Quinn v. Town of Hingham, Plymouth Sup. Ct.
PDP successfully argued a Motion for Summary Judgment based upon the protections of M.G.L. Chapter 21, Section 17C, the so called “Recreational Use Statute.” The litigation stemmed from a trip and fall accident in the parking lot of a public middle school in Hingham, MA. At the time of the accident, the Plaintiff was on school grounds, after hours, to attend her granddaughter’s school concert.
In plaintiff’s Complaint, she alleged that the Town “negligently failed to keep the area where the plaintiff tripped and fell in a reasonably safe condition,” and “failed to warn Plaintiff of the dangerous condition.” The Plaintiff neither presented nor pled a recklessness cause of action.
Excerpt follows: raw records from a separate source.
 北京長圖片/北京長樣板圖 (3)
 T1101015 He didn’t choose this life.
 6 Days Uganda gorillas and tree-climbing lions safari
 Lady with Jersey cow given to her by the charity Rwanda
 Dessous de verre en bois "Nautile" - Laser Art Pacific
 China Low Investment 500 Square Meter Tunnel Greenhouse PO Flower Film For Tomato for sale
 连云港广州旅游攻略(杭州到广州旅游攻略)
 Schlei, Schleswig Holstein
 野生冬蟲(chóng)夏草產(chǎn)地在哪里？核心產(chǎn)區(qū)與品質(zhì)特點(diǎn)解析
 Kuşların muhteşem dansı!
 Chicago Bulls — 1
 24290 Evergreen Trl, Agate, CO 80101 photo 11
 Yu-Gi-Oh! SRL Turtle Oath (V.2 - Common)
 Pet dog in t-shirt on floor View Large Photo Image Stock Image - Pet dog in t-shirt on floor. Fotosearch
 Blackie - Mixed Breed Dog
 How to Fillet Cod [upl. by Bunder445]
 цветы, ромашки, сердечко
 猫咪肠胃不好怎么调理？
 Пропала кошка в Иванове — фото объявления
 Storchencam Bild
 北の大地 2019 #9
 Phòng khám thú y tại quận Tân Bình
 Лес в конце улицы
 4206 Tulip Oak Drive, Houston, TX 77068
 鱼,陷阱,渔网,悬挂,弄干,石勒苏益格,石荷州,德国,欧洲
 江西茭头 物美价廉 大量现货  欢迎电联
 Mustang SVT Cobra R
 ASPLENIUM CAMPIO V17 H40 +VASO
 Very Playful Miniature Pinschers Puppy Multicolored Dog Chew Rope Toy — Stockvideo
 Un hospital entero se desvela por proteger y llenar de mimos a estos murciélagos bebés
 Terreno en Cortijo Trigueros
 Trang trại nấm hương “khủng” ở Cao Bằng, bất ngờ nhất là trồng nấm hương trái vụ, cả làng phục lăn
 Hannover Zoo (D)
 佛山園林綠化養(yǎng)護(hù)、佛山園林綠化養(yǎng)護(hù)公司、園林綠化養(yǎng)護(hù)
In our Motion for Summary Judgment, PDP argued that the recreational use statute was applicable because the Town made the school available to the public, free of charge, for a purpose enumerated by the statute. In prior cases, the Court held that the Recreational Use Statute barred recovery by parents who tripped and fell on school property going to and from their respective child’s sporting events. Specifically, a mother who slipped and fell in a school parking lot while leaving her daughter’s basketball game, Seich v. Town of Canton, 426 Mass. 84, 86 (1997), and a mother who tripped and fell in a parking lot after leaving her son’s football game, Hoffman v. Town of Burlington, 2008 WL 2688762, *3 (Mass. Super. Ct.). Accordingly, we argued that Chapter 21 should also bar recovery by this Plaintiff, whose conduct was analogous, as she fell on her way out of a school concert.
The Superior Court granted the Motion for Summary Judgment, noting that all of the allegations in the Complaint fell squarely within the protections of Chapter 21. Going forward, this decision should prove helpful in defending future claims in which suit is brought against a municipality under similar circumstances.